By | October 20, 2009, 12:43pm PDT

Its not too often I endorse a new service - in fact, I never have without a lot of due diligence and at least some production history.   So, for the first…and potentially only….time ever, I’m telling you that I’m truly excited about the launch of Pragmatic Enterprise 2.0.  I’m not only telling you as readers at larger enterprises to bring these guys to the table but I’m also going to tell you why its easy for me to support this new entity despite the fact that its only been launched today.

What in g-d’s name is Pragmatic Enterprise 2.0?

Pragmatic Enterprise 2.0 is a triangular consulting service that fits into the “its about time someone did this” category of consulting services.  For a really good comprehensive blog posting on PE2 check out Sameer Patel’s, “The E 2.0 Service Appliance” here.

Okay, back to this station.

Triangular?

The First Triangle: The Players

Yep, for two reasons. One, it’s a trinity of three major heavy hitters in varying spaces that cover the enterprise and contemporary business thinking.  They are, in no particular order:

Dion Hinchcliffe - perhaps the godfather of Enterprise 2.0 - and the boss of Hinchcliffe Associates, He is the most knowledgeable guy in the space that covers the strategies and practices for the contemporary enterprise  - especially when it comes to real world applications of internal collaboration and strategies for co-creation within the enterprise that return a genuine ROI.  The guy is also a fellow ZDNet blogger who I think writes some of the best posts that ZDNet produces in his Enterprise 2.0 blog Dion is so well known and so successful in his realm that he has a customer list to drool over.

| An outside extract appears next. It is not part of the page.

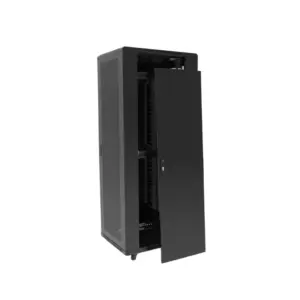 Office Point Officepoint OP Floor Stand Network Cabinet 600X600mm, 27U NC-66-27U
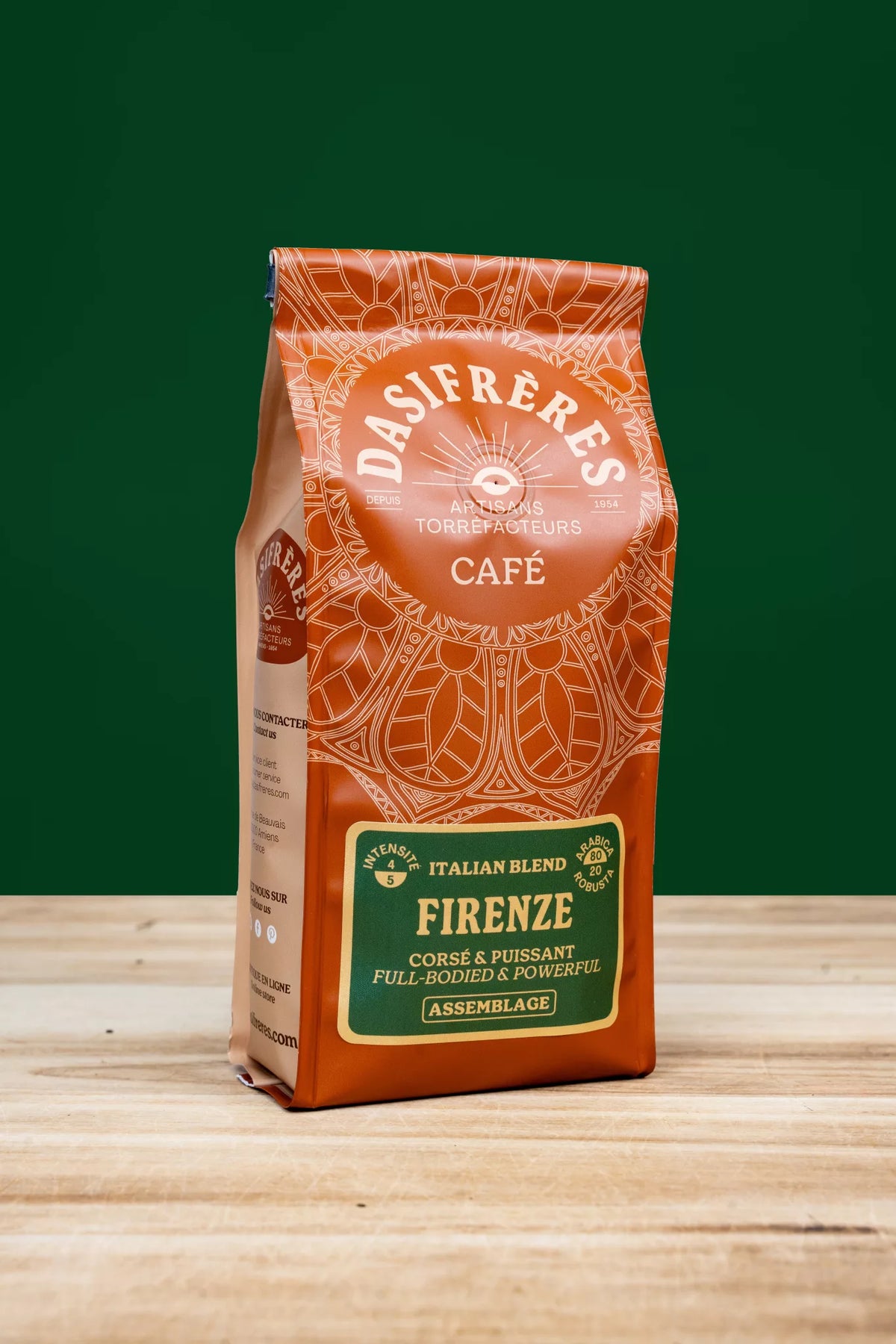 Café Firenze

Michael Krigsman - Michael is the CEO of Asuret and a revolutionary in his own right. He has developed a methodology and an application to go with it that actually is able to ferret out the problems that are likely to arise during a project implementation at an enterprise. What he and it shows is uncanny and he and it work like a charm. Michael is also a popular ZDNet blogger who writes the well read (including me) “IT Project Failures” blog - which, incidentally, is now covering CRM, thenks got.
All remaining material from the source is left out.